Daniel M. Jarvie1 and Michael S. Johnson2
1Worldwide Geochemistry, LLC, Humble, TX
2Consultant, Denver, CO

Williston Basin Bakken oil fields are unconventional stratigraphic traps that require horizontal drilling. The upper and lower members of the Bakken are excellent source beds and consist of highly organic rich black shales with TOC values averaging between 11 and 12%. The middle member is a clastic-carbonate unit with a preferred dolomitic facies. All three members contribute to the reservoir character with fracturing being the dominant porosity type. Fracturing is caused by overpressuring with contribution from lithostatic pressure, nonhydrocarbon and hydrocarbon generation from the black shales in mature areas, episodic basement uplift and wrench faulting, and Prairie Salt dissolution.

Generally, where productive, lineaments define dominantly northeast and northwest-trending fault systems and other structural features. Together with thickness variations, stratigraphic changes and overpressuring (up to 0.7 psi/ft.), Bakken reservoirs have been created. Two recent major oil discoveries, Elm Coulee and Parshall fields, have caused a renewal of the cyclic exploration effort of the Bakken.

These recent discoveries in the Williston Basin have occurred in areas where the Bakken Shale is immature to earliest oil window thermal maturity. Although controversial nearby indigenous oil is apparently being produced from the organic matter rather than migration into the system from more mature down-dip source areas. This assessment is based on geochemical characteristics of Parshall Field oil, which based on light hydrocarbon distributions is a low thermal maturity oil similar to the overlying Bakken Shale. Bakken Shale samples from Parshall Field area have geochemical characteristics suggesting potential production prior to renewed drilling and discoveries in this area.

Bulk open-system kinetic data measured on several Bakken Shale samples is used to evaluate relative rates of oil generation.

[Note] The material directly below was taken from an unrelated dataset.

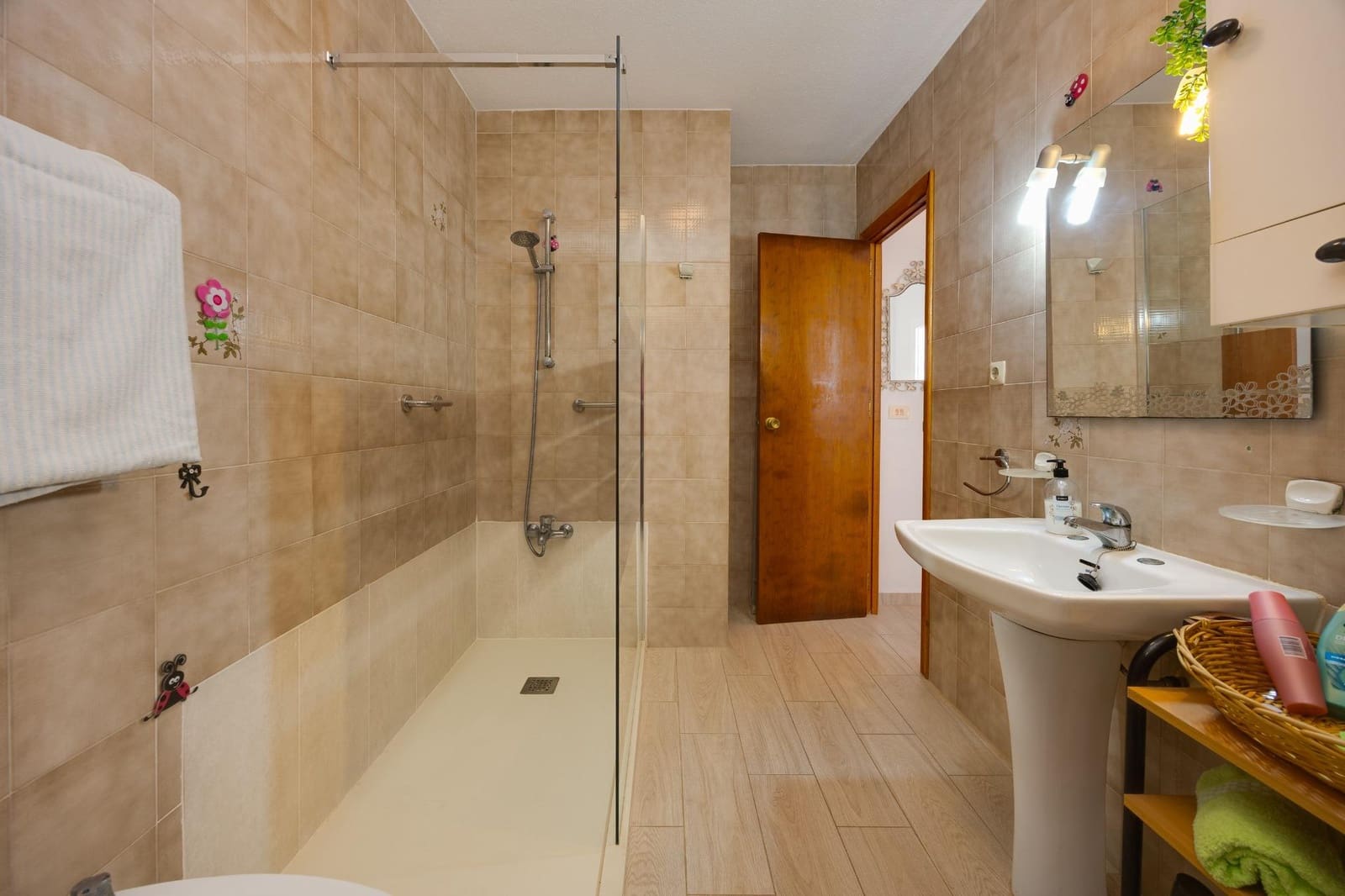2 chambre Villa/Maison à vendre à Torrevieja - 189 900 € (Ref: 10031136)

While source rocks have been identified that generate hydrocarbons at lower thermal thresholds than classical onset of hydrocarbon generation windows, these are usually high sulfur Type II-S kerogens such as the Monterey Formation, rather than low sulfur, marine shales such as the Bakken. Our experience, however, is that all kinetic models currently in use, tend to under predict early hydrocarbon generation. A revised assessment of these results provides some insights as to why this may occur.

Investigation of available Bakken Shale and middle member rock data suggest variations in organofacies that are now being evaluated and compared. There is considerable variation in their properties and these may play a role in variations in the timing of hydrocarbon generation across the basin. Fracturing results from a variety of factors, but our investigation focuses on generation-induced fractures. This could result from either nonhydrocarbon or hydrocarbon generation. Likewise, bulk kinetic data suggests a range of temperatures for the onset of generation apparently controlled by organofacies differences in Bakken Shale with one organofacies generating at lower temperatures than the predominant organofacies found in the Bakken. Thus, apart from other geological activity, both hydrocarbon and nonhydrocarbon gases generated at low thermal maturities may provide means for creating fractures or secondary porosity for early oil accommodations.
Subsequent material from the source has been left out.